Even services like Payoneer and Stripe, which offer cross-border payments that bypass traditional banks, are still required to validate payments while making sure both consumers and merchants enjoy a seamless user experience; and doing both simultaneously is no mean feat.

Specific scenarios in real-world environments

To ensure funds flow freely across borders, that exchange rates are calculated correctly, that payments comply with relevant legal and security requirements, and with anti-money laundering (AML) checks and regulations, organisations must test all types of transactions – from overseas transfers to in-person payments made abroad. However, as important as this is, most organisations will have difficulty testing the most common cross-border transactions, such as a traveller using their credit card to make a payment in a different country.
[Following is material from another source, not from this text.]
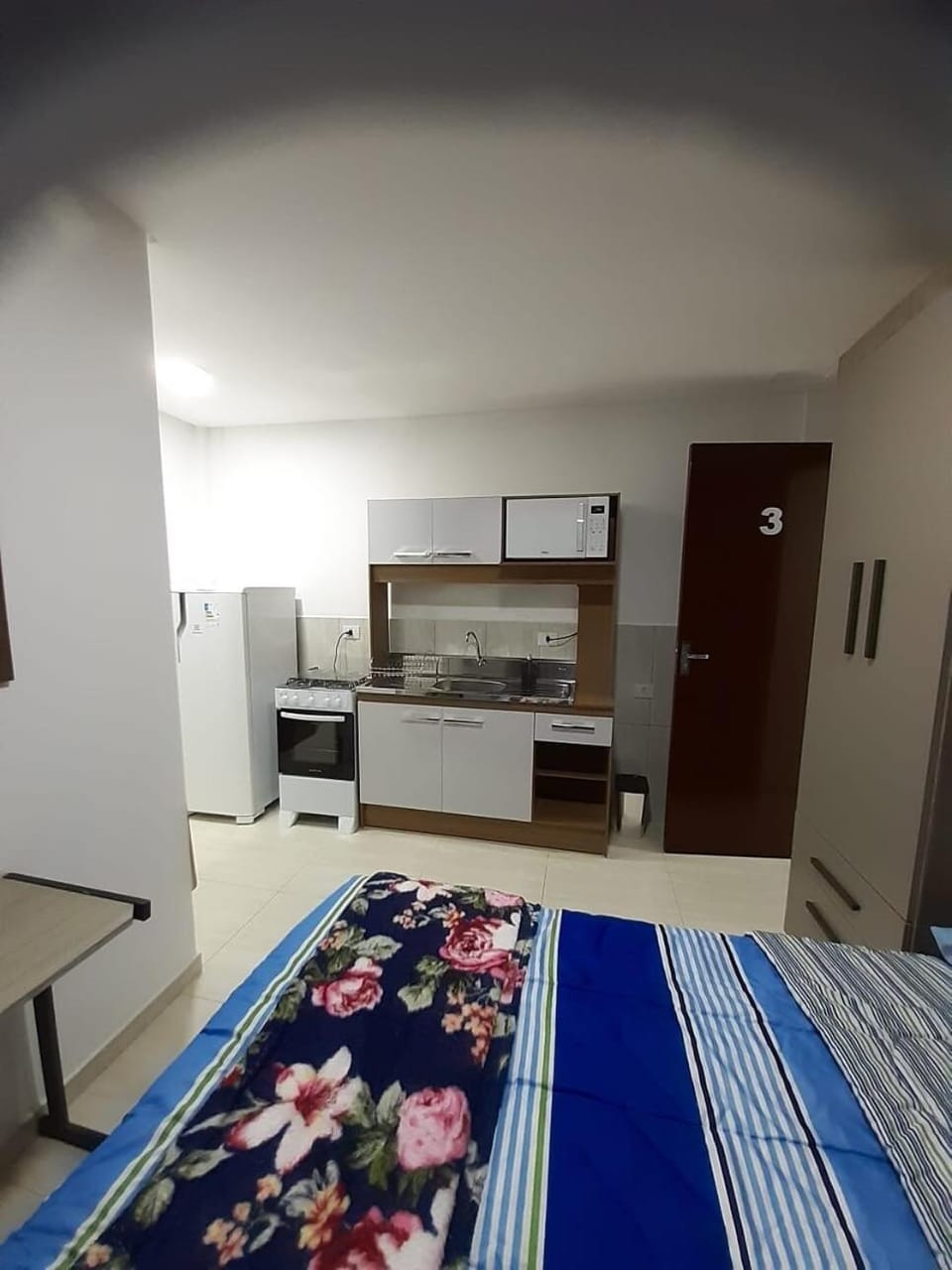Bed, Kitchen or kitchenette, Photo of the whole room, Bedroom, oven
The solution lies in crowdtesting.

When businesses need to assess cross-border payments, crowdtesting can quickly provide them with access to testers in specific locales to help them understand the customer journey. Whether it’s a small business owner in the UK attempting to wire money to a supplier in India, someone with a US-issued credit card making a purchase in Australia, or a merchant that’s about to see a spike in international traffic due to a seasonal promotion.

A worldwide testing community of vetted testers – using real bank accounts, digital wallets, and credit or debit cards – allows businesses to explore a range of common scenarios in real-world environments. In doing so, specialist crowdtesting not only ensures businesses remain compliant with all relevant and applicable regulatory requirements but, by pinpointing problems and sources of friction, it means businesses can iron them out so all parties can enjoy the seamless and satisfactory cross-border payment experience they’ve come to expect in today’s digital age.